=== STORED DATA ===
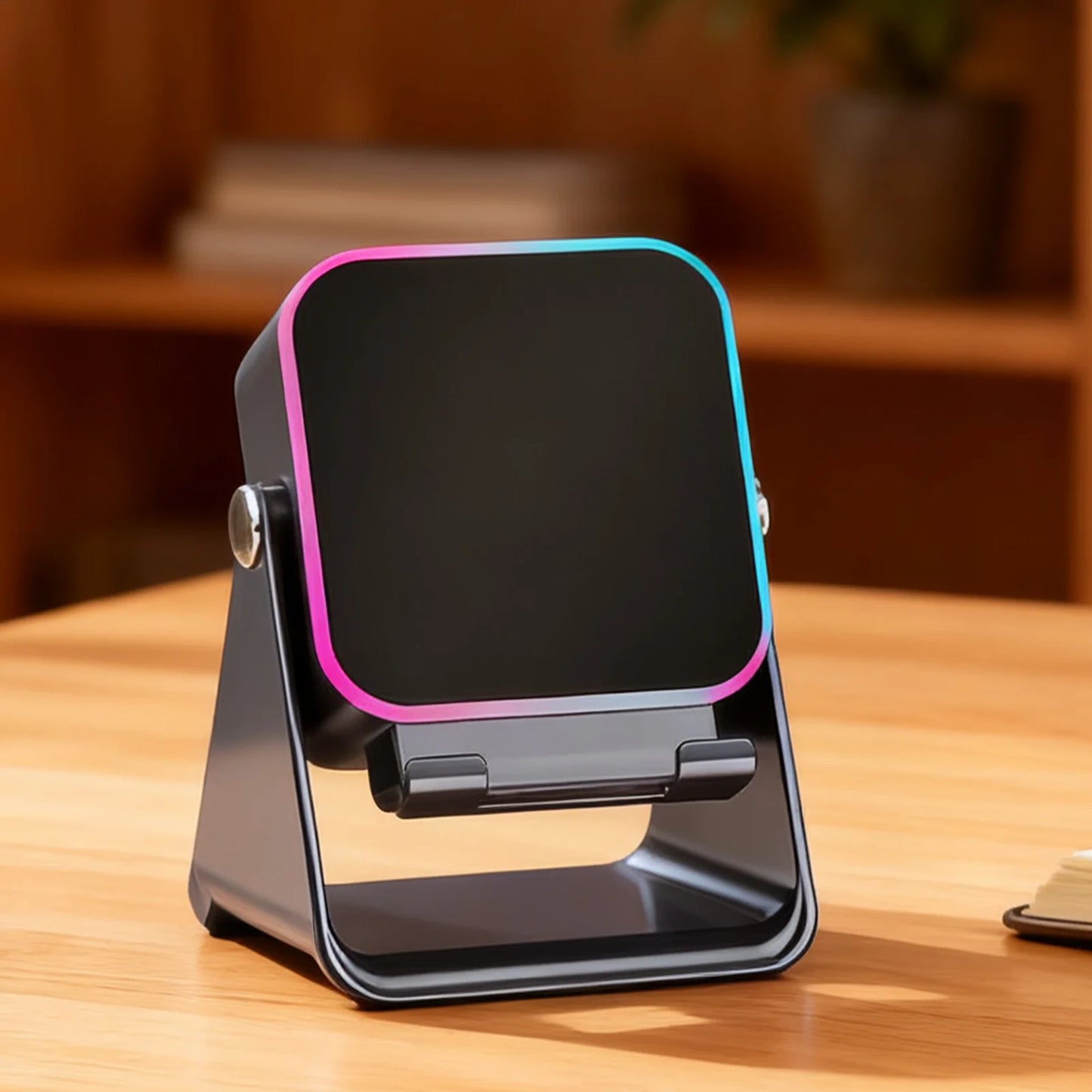 3-in-1 Folding Phone Holder with Wireless Charging, Speaker & LED Light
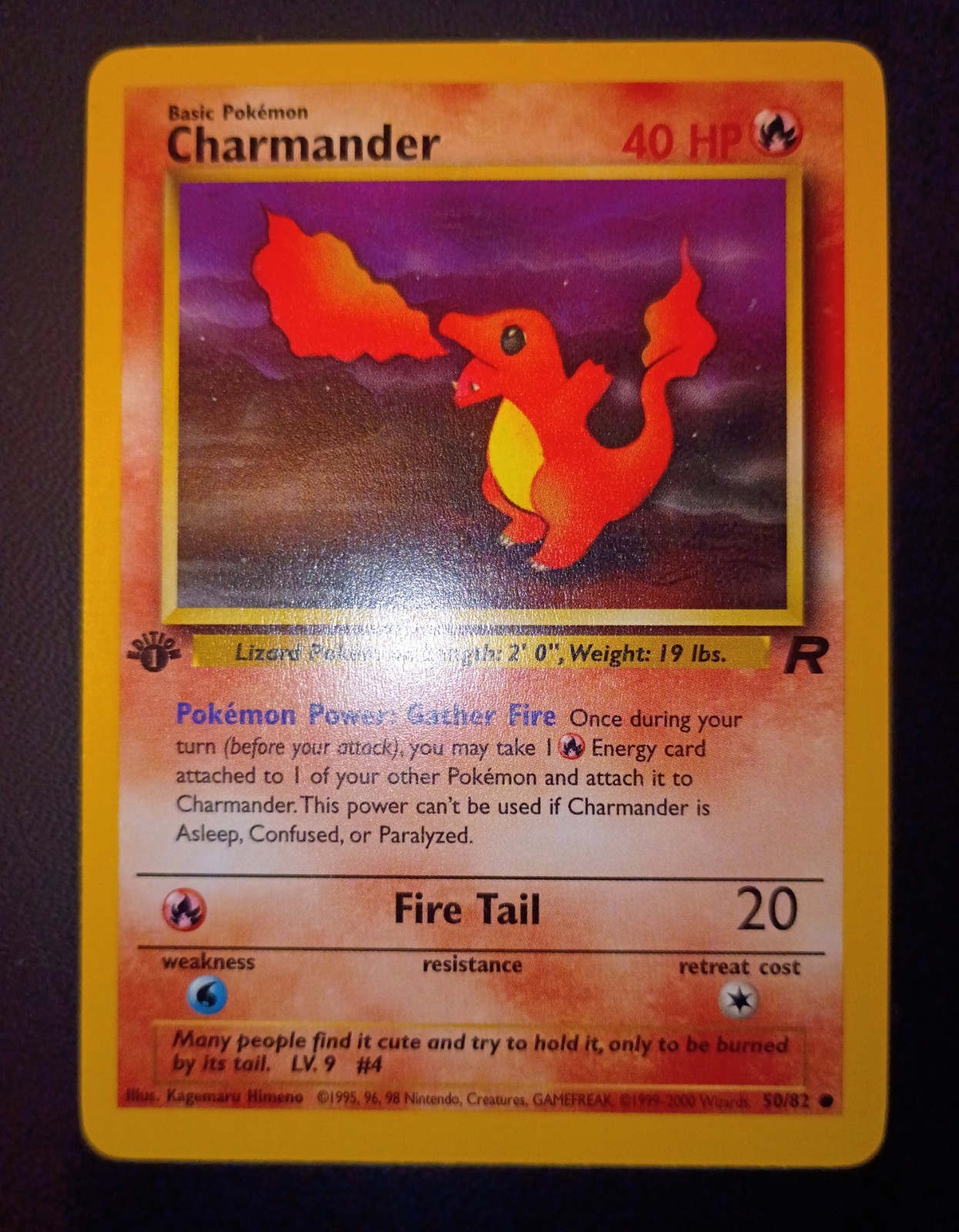 POKEMON TCG DARK CHARMANDER 1ST EDITION CARD #50/82 TEAM ROCKET UNGRADED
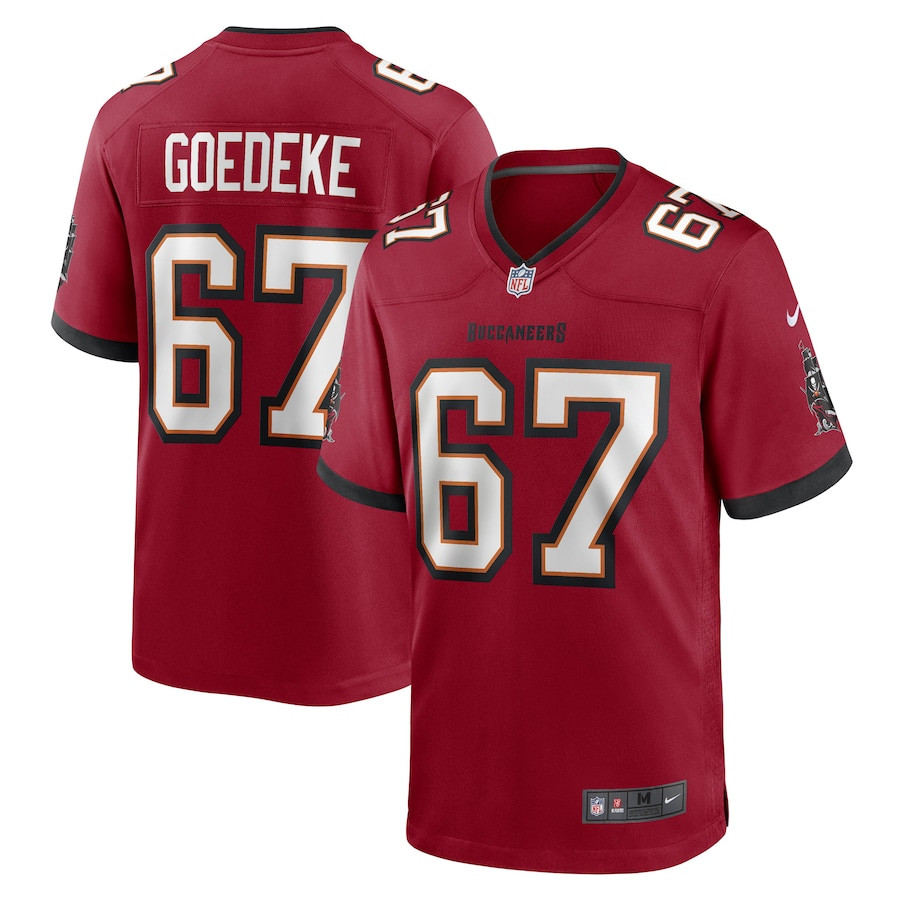 Luke Goedeke 67 Tampa Bay Buccaneers Game Red NFL Jersey Men's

=== PROMPT ===
Without the pictures, repeat the line with "POKEMON TCG DARK" and every line after it to the end of the listing, and nothing else.

=== OUTPUT BELOW ===
 POKEMON TCG DARK CHARMANDER 1ST EDITION CARD #50/82 TEAM ROCKET UNGRADED
 Luke Goedeke 67 Tampa Bay Buccaneers Game Red NFL Jersey Men's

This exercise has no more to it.